[Data excerpts]
BEGIN

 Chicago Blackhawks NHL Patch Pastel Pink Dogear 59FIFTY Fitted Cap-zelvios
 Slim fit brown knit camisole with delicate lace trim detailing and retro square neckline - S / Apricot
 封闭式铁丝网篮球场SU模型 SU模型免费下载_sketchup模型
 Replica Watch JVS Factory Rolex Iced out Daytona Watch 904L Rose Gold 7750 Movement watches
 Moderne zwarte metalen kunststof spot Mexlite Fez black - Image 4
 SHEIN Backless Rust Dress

END

→ **WORK ITEM**
Copy each line, exactly, that falls between the line containing "封闭式铁丝网篮球场SU模型 SU模型免费下载_sketchup模型" and the end of the entries, both included.

→ **RESPONSE TO THE TASK**
 封闭式铁丝网篮球场SU模型 SU模型免费下载_sketchup模型
 Replica Watch JVS Factory Rolex Iced out Daytona Watch 904L Rose Gold 7750 Movement watches
 Moderne zwarte metalen kunststof spot Mexlite Fez black - Image 4
 SHEIN Backless Rust Dress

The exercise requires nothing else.